The power of word embeddingsby Cristian Dima
Natural language processing is a messy and complicated affair but modern advanced techniques are offering increasingly impressive results. Word embeddings are a modern machine learning technique that has taken the natural language processing world by storm. Results on most NLP tasks have show improvements whenever word embeddings were used in some form or another.
With this article, we’re going to take a look at how word embeddings are computed, how they are able to at least partially capture language semantics, and how modern techniques use them to discover useful information across documents.

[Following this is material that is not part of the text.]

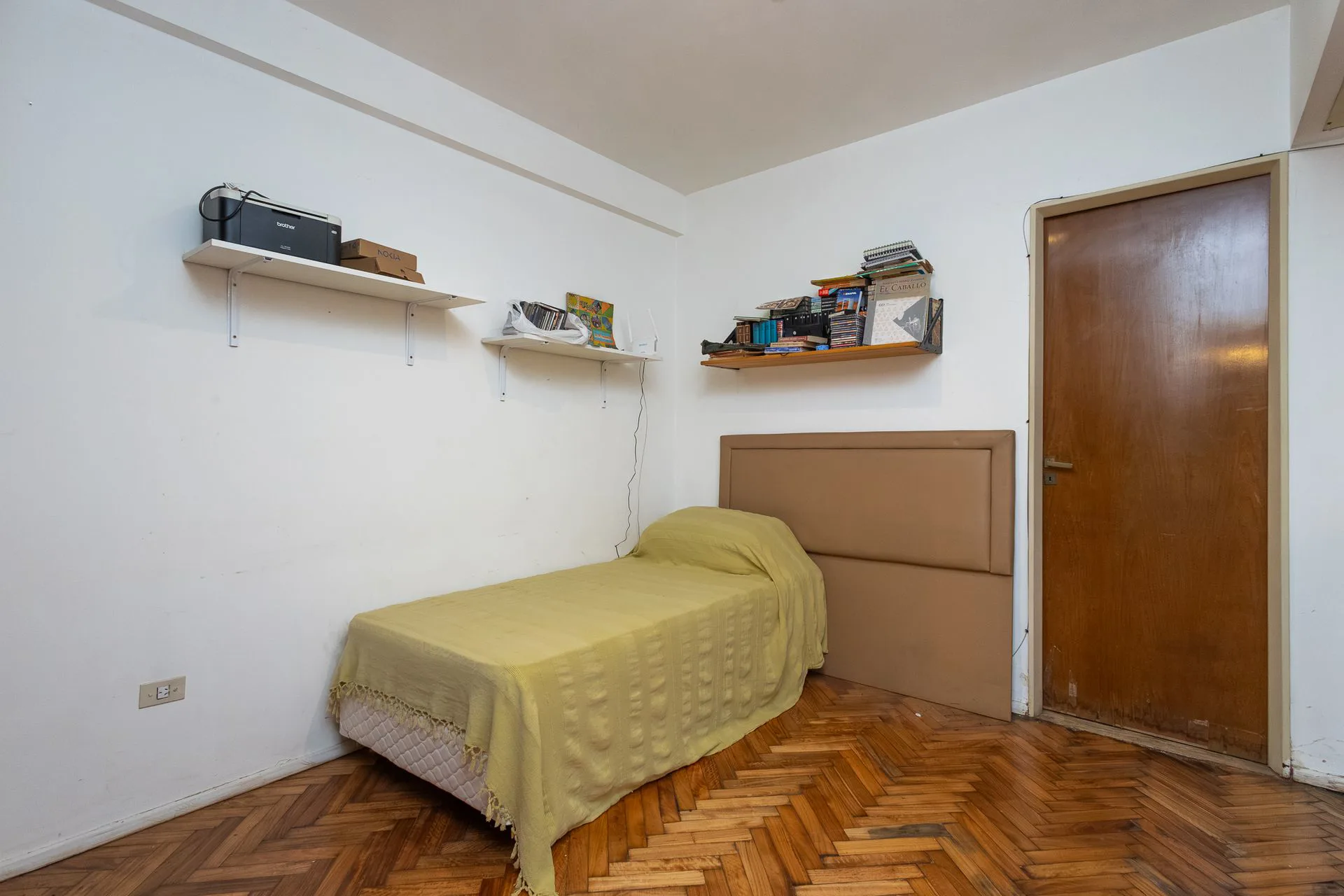 Caballito Dpto 4 amb +dep+patio balcon foto 5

The so-called bag-of-words representation of text is a classical method in NLP which represents documents as simple collections of words not taking into account word order, sentence arrangement or any other semantic information. Words are represented as numbers, usually a normalized count of how often they appear in a piece of text, and documents as vectors of such numbers. Variations of this method have been used for many decades and offer useful results despite their oversimplification of language. For example, most databases use this text representation in their full-text search implementations. However, these models, by design, are incapable of capturing word semantics.
Word embeddings offer a different approach to representing text. Vectors (the so-called embeddings) instead of just numbers are used to represent words. By design, this higher dimensionality is capable of capturing multiple facets of word meaning. The question, of course, becomes how to determine these vectors such that they actually do a useful job in capturing word semantics.
In 2013, Google introduced a model capable of learning word vectors in a very efficient way across a huge number of training samples. Along with the algorithm and source code, they also released a data set of word vectors learned from a database of 100MM articles. These words vectors were capable, famously, of capturing analogies such as “A queen is to a king like a man is to a woman”. To better understand how this model works we are going to take a closer look at a simplified version of it that can generate the same results.
To learn word vectors a shallow neural network architecture is used. This model takes as input one word and tries to predict as output another word. To train the model many such pairs of words (training samples) are passed to the model so that over many iterations it can learn how to map words to one another.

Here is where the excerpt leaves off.